Question

A man running at a speed 5 m/s is viewed in the side view mirror of the radius of curvature $ R = 2m $ of a stationary car. Calculate the speed of image when the man is at a distance of 9m from the mirror
(A) $ 0.3m/s $
(B) $ 0.2m/s $
(C) $ 0.1m/s $
(D) $ 0.05m/s $

Answer 1

Hint: The side view mirror of a car is a convex lens, so the image distance and focal length are negative. We need to investigate the change in distance after one second as seen in the mirror.

Formula used: In this solution we will be using the following formula;
 $ \dfrac{1}{f} = \dfrac{1}{v} + \dfrac{1}{u} $ where $ f $ is the focal length, $ v $ is the image distance in the mirror, $ u $ is the object distance.
 $ f = \dfrac{R}{2} $ where $ R $ is the radius of curvature.
 $ s = \dfrac{d}{t} $ where $ s $ is the speed of an object, $ d $ is the distance covered by the object, and $ t $ is the time taken to cover the distance.

Complete step by step solution:
A man is said to be moving at 5 m/s in real life, we are to calculate his speed as observed in the mirror at a distance of 9m from the mirror.
The mirror equation given by ; $ \dfrac{1}{f} = \dfrac{1}{v} + \dfrac{1}{u} $ where $ f $ is the focal length, $ v $ is the image distance in the mirror, $ u $ is the object distance.
 First the focal length is $ f = \dfrac{R}{2} $ where $ R $ is the radius of curvature.

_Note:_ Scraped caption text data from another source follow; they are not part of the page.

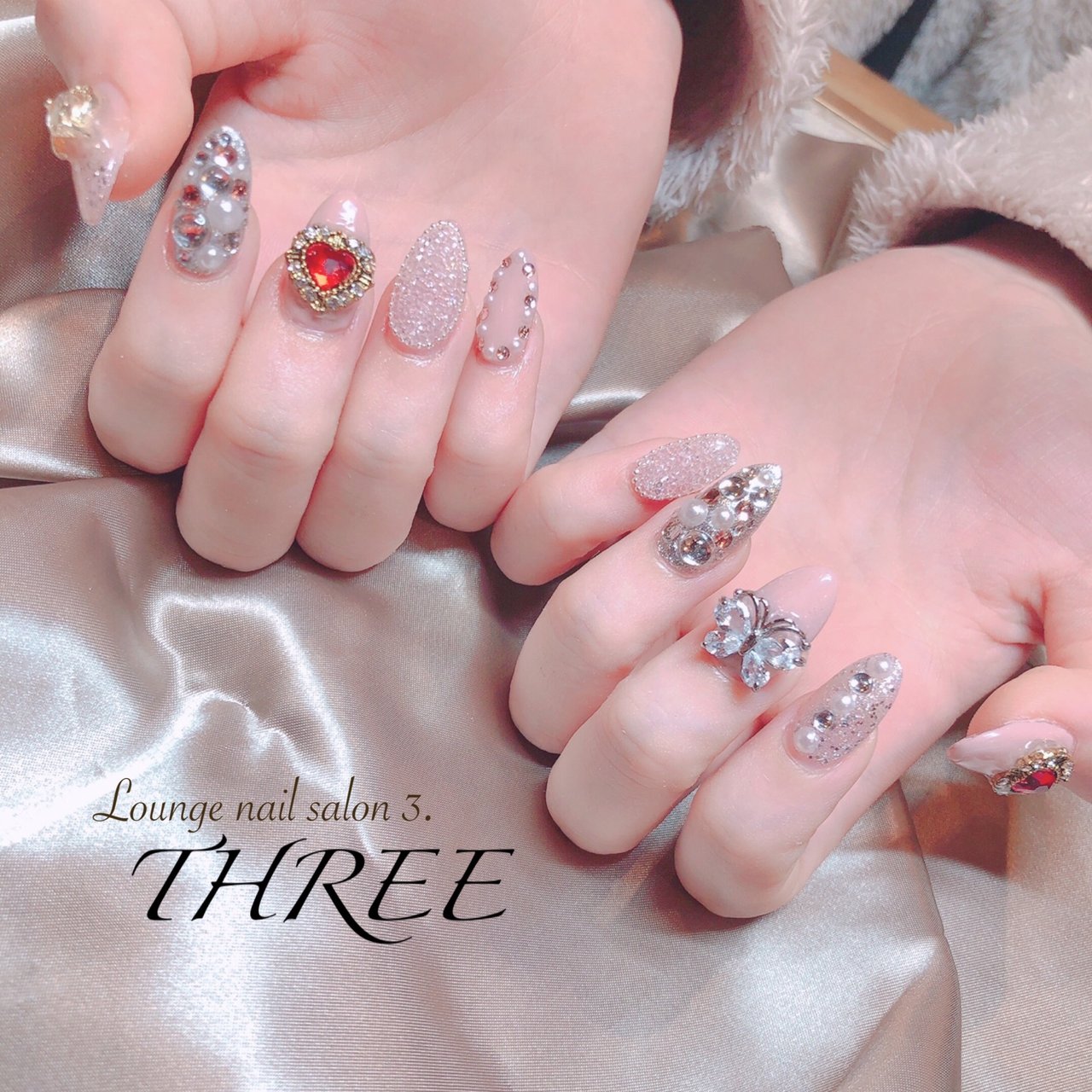 オールシーズン ハンド ラメ デコ クリスタルピクシー Lounge Nailsalon3 Threeのネイルデザイン No ネイルブック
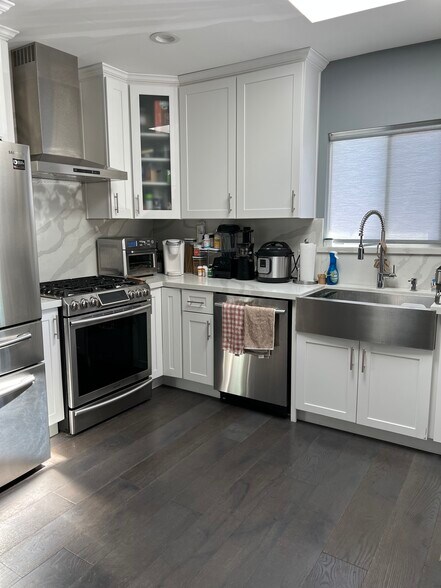 Building Photo - 1510 Hauser Blvd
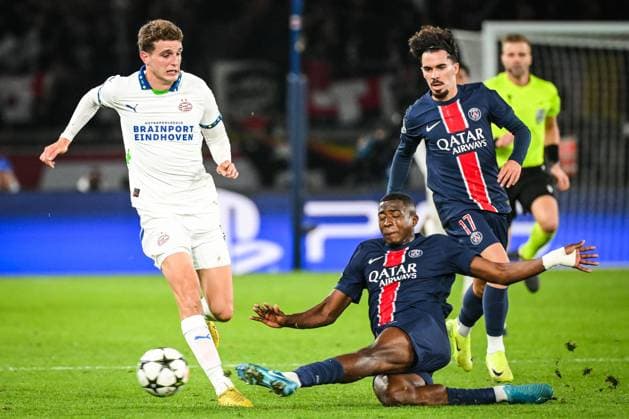 October 22, 2024, Paris, France, France: Guus TIL of PSV Eindhoven, Willian PACHO of PSG and Vitor MACHADO FERREIRA (Vitinha) of PSG during the UEFA Champions League, League Phase MD3 match between Paris Saint-Germain and PSV Eindhoven at Parc des Princes Stadium on October 22, 2024 in Paris, France. Paris France - ZUMAm308 20241022_zsp_m308_015 Copyright: xMatthieuxMirvillex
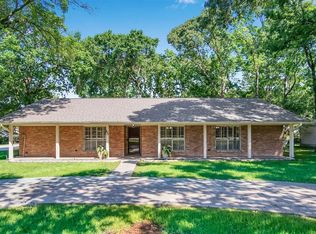 146 Champion Ln, Conroe, TX 77304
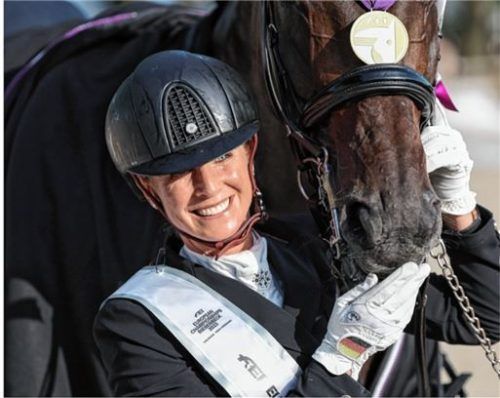 Jessica von Bredow-Werndl bedankt sich bei Dalera für den „Gold-Tanz“.Foto dpa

Then,
 $ f = \dfrac{2}{2} = 1m $
At the object distance of 9m, the mirror equation can be written as,
 $ - \dfrac{1}{1} = - \dfrac{1}{v} + \dfrac{1}{9} $ (because the image distance and focal length can be considered negative for a convex mirror which is the mirror used as side view mirror).
Hence, by making $ \dfrac{1}{v} $ subject and calculating, we have
 $ \dfrac{1}{v} = \dfrac{1}{1} + \dfrac{1}{9} = \dfrac{{10}}{9} $
Inverting, we have
 $ v = \dfrac{9}{{10}} = 0.9m $
Now since speed is given by
 $ s = \dfrac{d}{t} $ where $ d $ is the distance covered by the object, and $ t $ is the time taken to cover the distance.
Hence, after 1 second, the distance covered would be
 $ d = 5 \times 1 = 5m $
Then the new object distance would be
 $ u = 9 - 5 = 4m $
Then the image distance at this point would be
 $ \dfrac{1}{v} = \dfrac{1}{1} + \dfrac{1}{4} = \dfrac{5}{4} $
 $ \Rightarrow v = \dfrac{4}{5} = 0.8m $
Hence, in the mirror the distance travelled in one second is
 $ {d_i} = 0.9 - 0.8 = 0.1m $ which means speed is $ 0.1m/s $
Hence, the correct option is C.

Note:
Alternatively, we could decide to not put the negative before the image distance, but our answer will be negative to show that the image is virtual, as in;
 $ - \dfrac{1}{1} = \dfrac{1}{v} + \dfrac{1}{9} $
 $ \Rightarrow \dfrac{1}{v} = - \dfrac{1}{1} - \dfrac{1}{9} = - \dfrac{{10}}{9} $ .
The negative can simply be discarded.